OPINION: Torture, secrecy, and the Bush administration

Editor’s Comment — If the immortal line from the Clinton presidency was, “I did not have sexual relations with that woman,” George Bush may be most remembered for his emphatic lie, “This government does not torture people.” But rather than this result in the Congressional pageantry of impeachment proceedings, it seems to me far preferable that Bush, Cheney, and the other principals in the creation of the torture presidency, face judgment in a court of law — one which provides them with the legal rights they have deprived from others, and one which if they are convicted shows no leniency and forces accountability on those who have always operated as though they have absolute impunity.

With that in mind, it’s now worth revisiting an excellent essay by Scott Horton, tracing the history of torture and secrecy, in which he wrote:

The practice of secret courts. The use of torture to secure confessions.
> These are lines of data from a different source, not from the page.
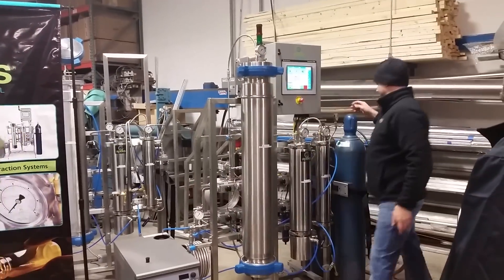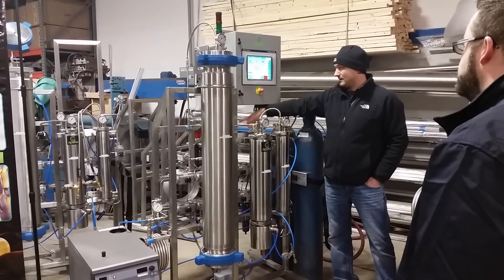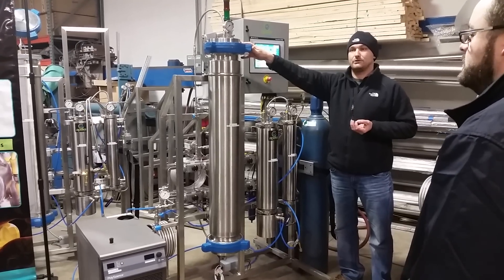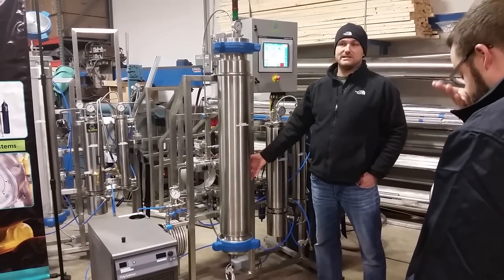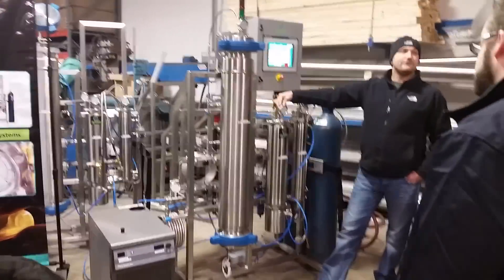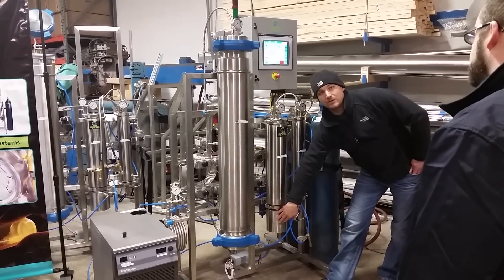We've locked everything down. What happens is we take the CO2 out of your bottles over here, we use a pump in the back, and we compress the CO2 in the extractor above 1000 psi where it's liquid or supercritical. That liquid or supercritical CO2 runs across all the plant material. It works as a solvent when it's a liquid. We then bring that CO2 over into our separators where it's only 200 to 400 psi. The CO2 will flash back to gas and all your oil from your plant material will fall out into a collection cup.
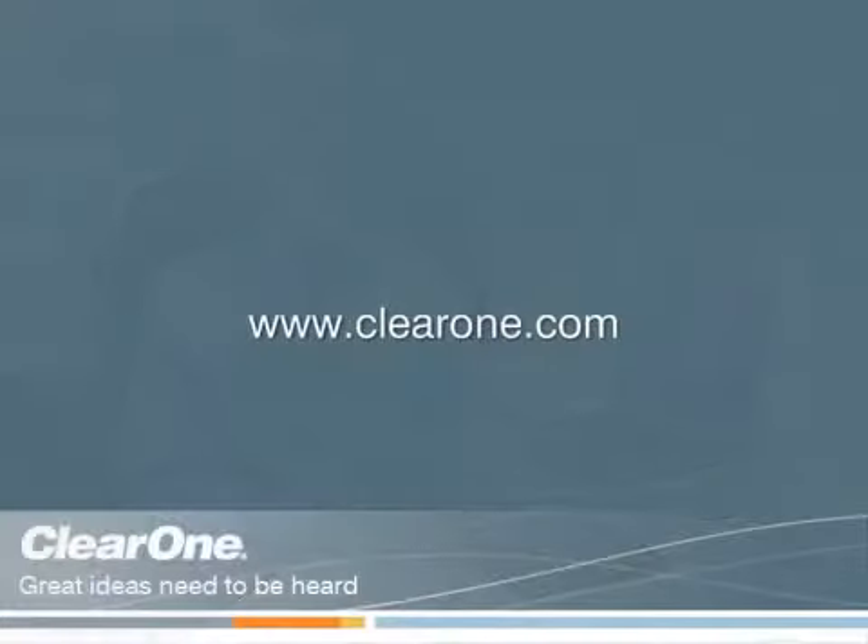Now, when I receive a call via Office Communicator, I just click on Answer Call in the pop-up and the Chat 170 answers the call hands-free. That's it — that's all there is to it. The Chat 170 group speakerphone, optimized for Microsoft Office Communicator 2007. Here at ClearOne, we put the world on speaking terms. Thank you.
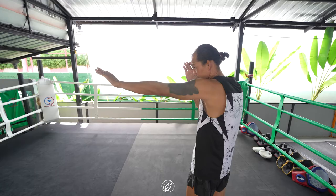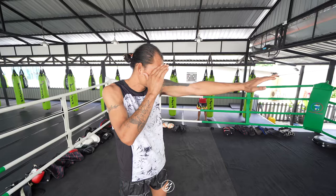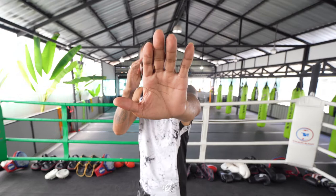The first thing you want to do is extend your arm towards your partner's face. Your hand should be in the center of their face. Then keep your elbow to your body and keep your hand to your face like so. Then bring your arm back to your Muay Thai stance.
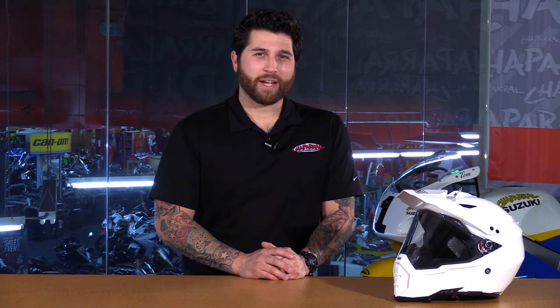Hey everyone and welcome. I'm Matt with Chapra Motorsports. Check us out at chapmoto.com for all of your riding needs. Today we're going to take a look at the AGV AX8 Dual Sport Helmet. Let's take a look.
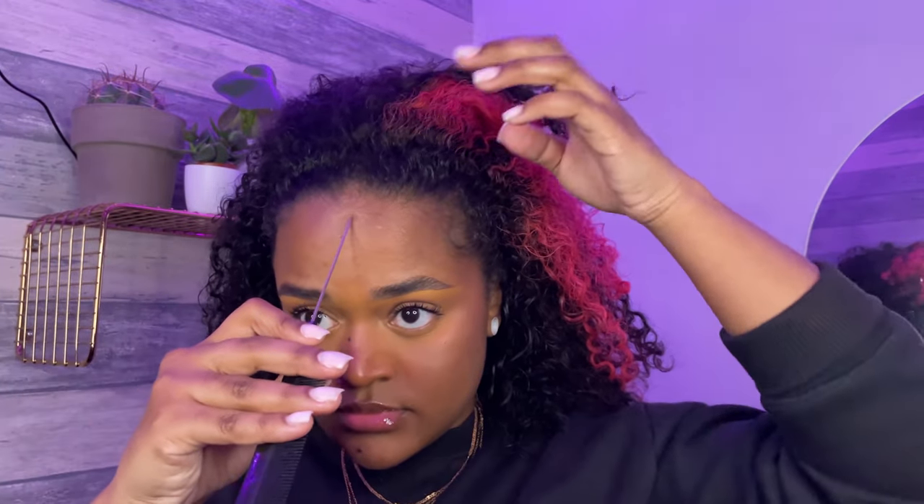Hi guys, welcome back to my channel. If you are new here, welcome — my name is Safira, and we are jumping right into the video. I'm starting on a day five or six old wash-and-go, so I'm just stretching the days with this hairstyle before it's time to wash my hair again.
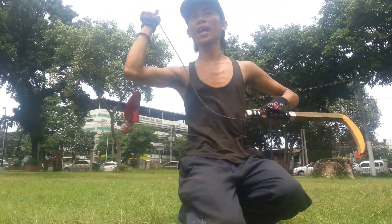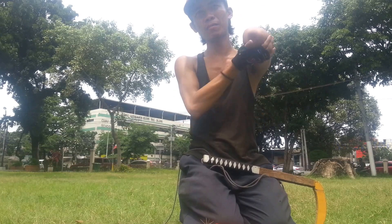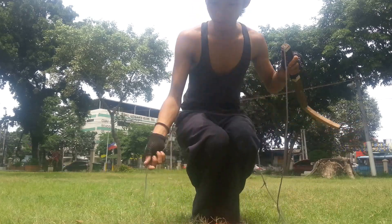...similar to this move, but you need to use both elbows, so that you'll know how to do a double twine. Here it is — double twine.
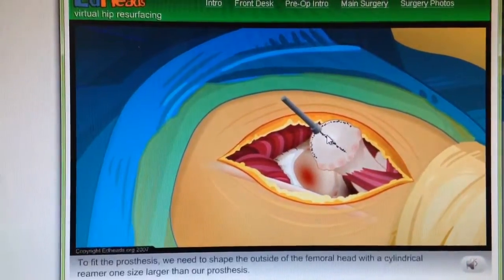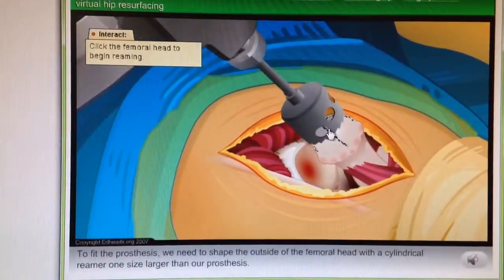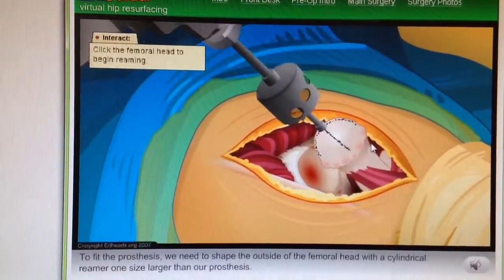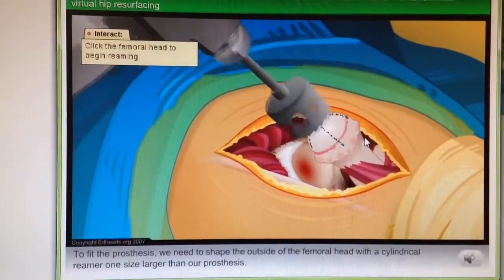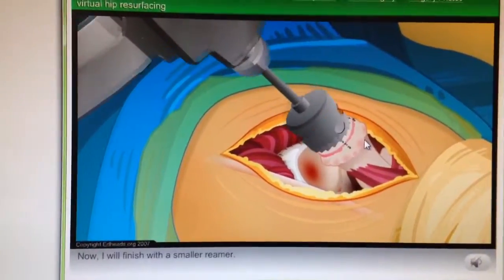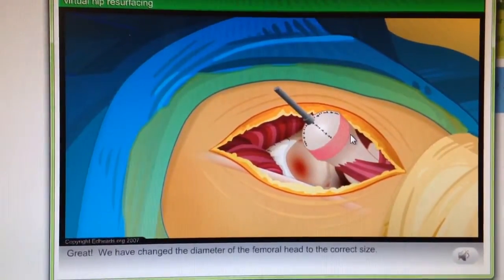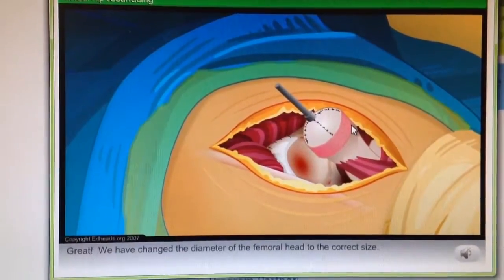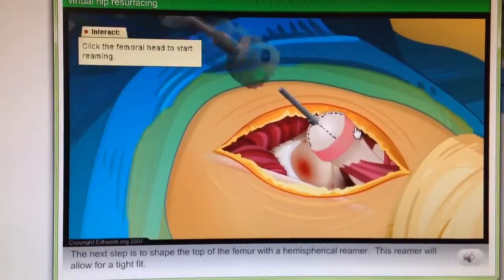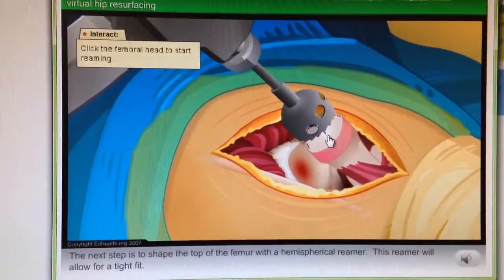Good job. To fit the prosthesis, we need to shape the outside of the femoral head with the cylindrical reamer one size larger than our prosthesis. Good job. I will finish with a smaller reamer. Great! We have changed the diameter of the femoral head to the correct size. The next step is to shape the top of the femoral head with the hemispherical reamer. This reamer will allow for a tight fit.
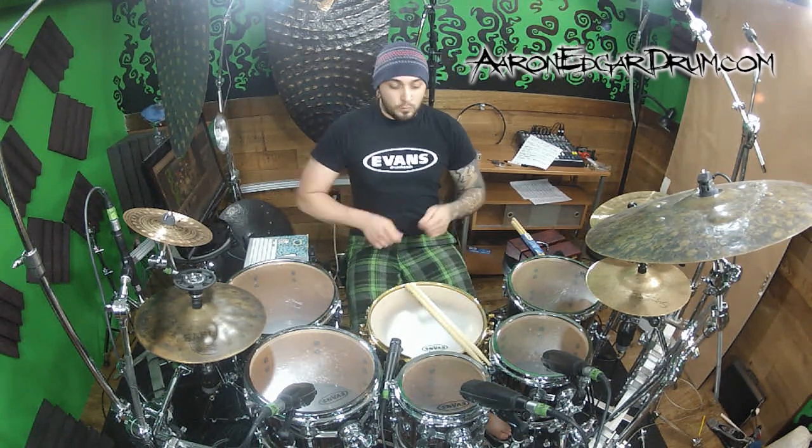What we're going to do is, essentially on the snare drum, try and make all these sound the same. We're going to go through a bunch of different stickings — singles, doubles, all the variations, all the paradiddles, just back and forth. And we're going to try and do them as quiet as possible, as loud as possible, as fast as possible — all of that.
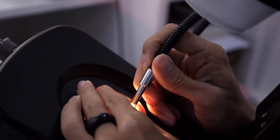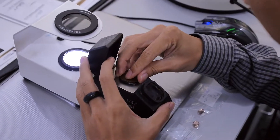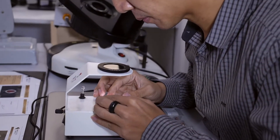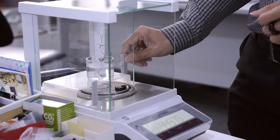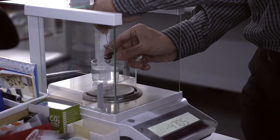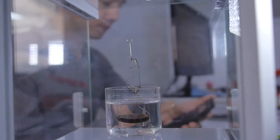Okay so we have the standard gemological tools. We're going to check according to the fastest way. Such as we have the microscope, reflectometer, polariscope, the SG machine for checking specific gravity, and of course the spectroscope as well.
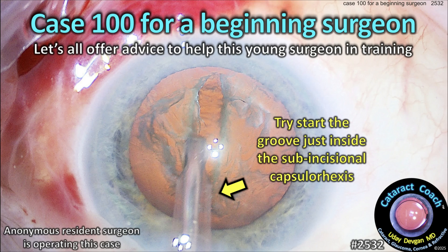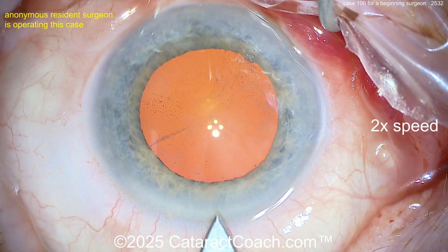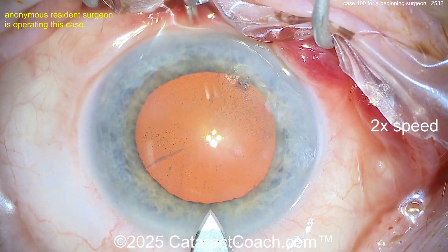cataractcoach.com — case 100 for a beginning surgeon. Let's all offer some advice to help this young surgeon in training. We've sped the video up and we're going to show you case 100 here.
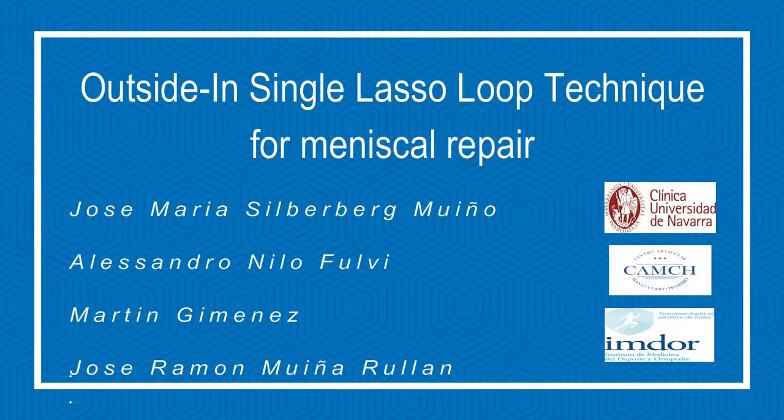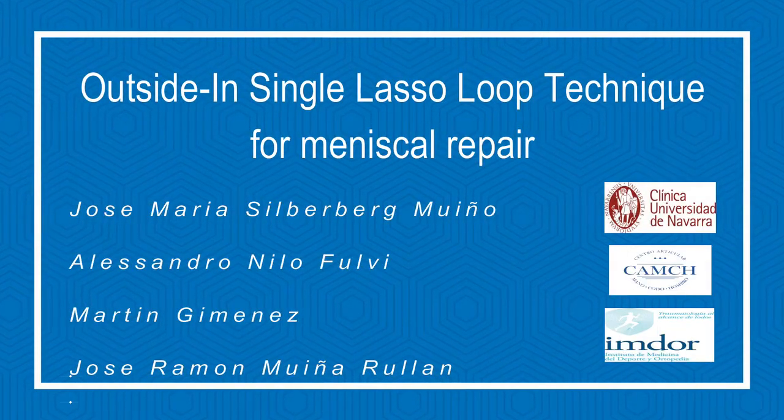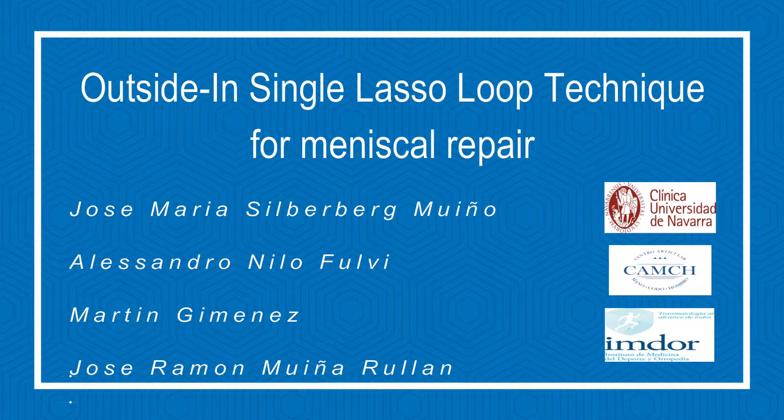In this video, we will demonstrate the outside-in single lasso loop technique for meniscal repair.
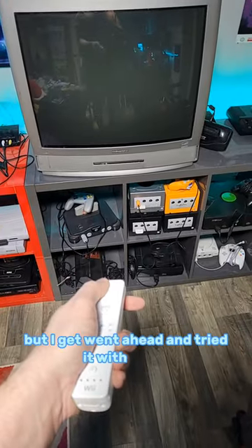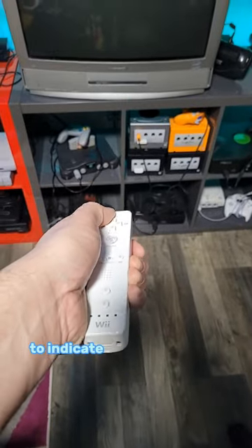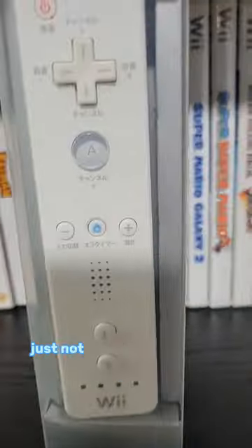I went ahead and tried it with my TV, but it didn't work out. Turns out mine's not on the supported list, but the green light does come on to indicate that it is working. So I think it works, just not with my TV.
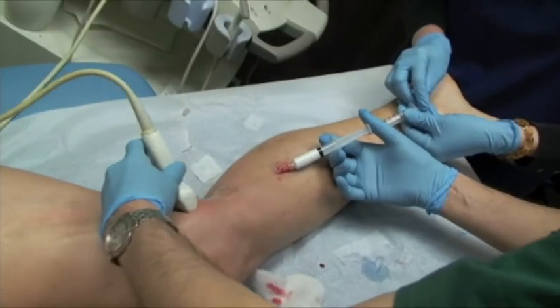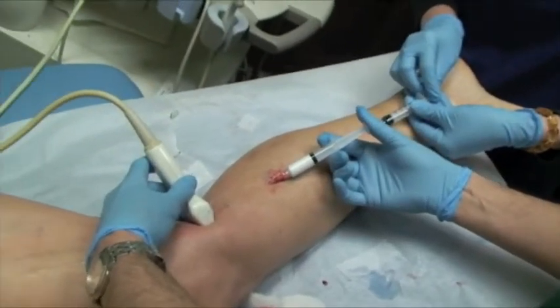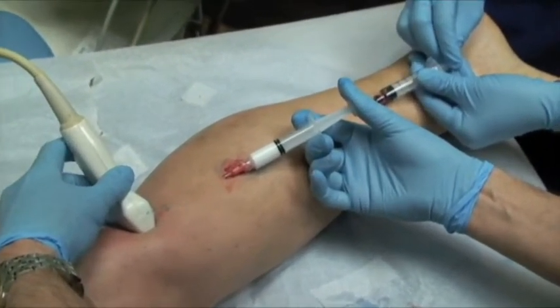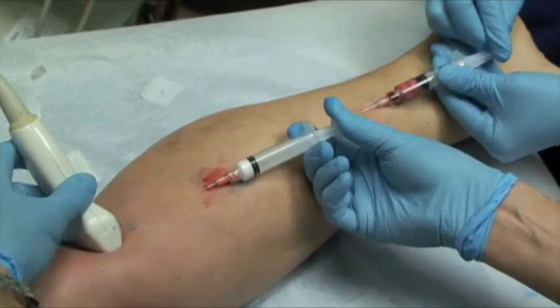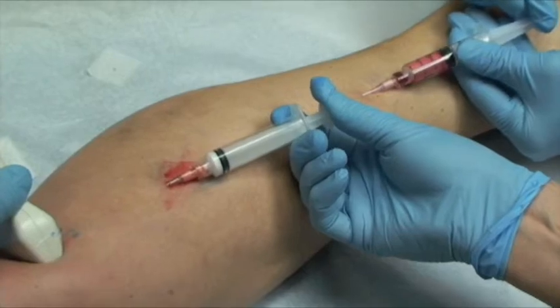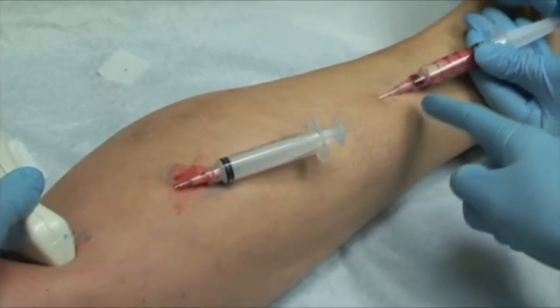Keep pressure here. I'll start the injection and you start pulling back. Pull back, pull back. You can see now the foam went from point B to point C.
The receipt of secret evidence. The exclusion of the public from proceedings. The offering of evidence in the form of summaries delivered to the judges, without the defendant being able to confront the evidence or conduct a cross-examination. These practices were the definition of tyrannical injustice to the Puritan fathers and the Founding Fathers. We thought them long-banished a hundred years and more before our own revolution. And now suddenly here they are again.

Secrecy has reemerged just as torture has made its comeback, being justified on the public stage, by government officials for the first time since the famous gathering at the Inns of Court in 1629 at which the judges declared “upon their and their nation’s honor” that torture was not permitted by the common law.

The two fit together, hand in glove: torture and secrecy. Torture and secrecy. Where one is used, the other is indispensable.

Torture is no longer a tool of statecraft. Today it is a tool of criminals, though sometimes of criminals purporting to conduct the affairs of state. Having resorted to these “dark arts,” to quote Dick Cheney, the torturers now have the dilemma faced so frequently by criminals. They seek to cover it up. And so the path flows from torture to secrecy, the twin dark stars of the tyrannical state.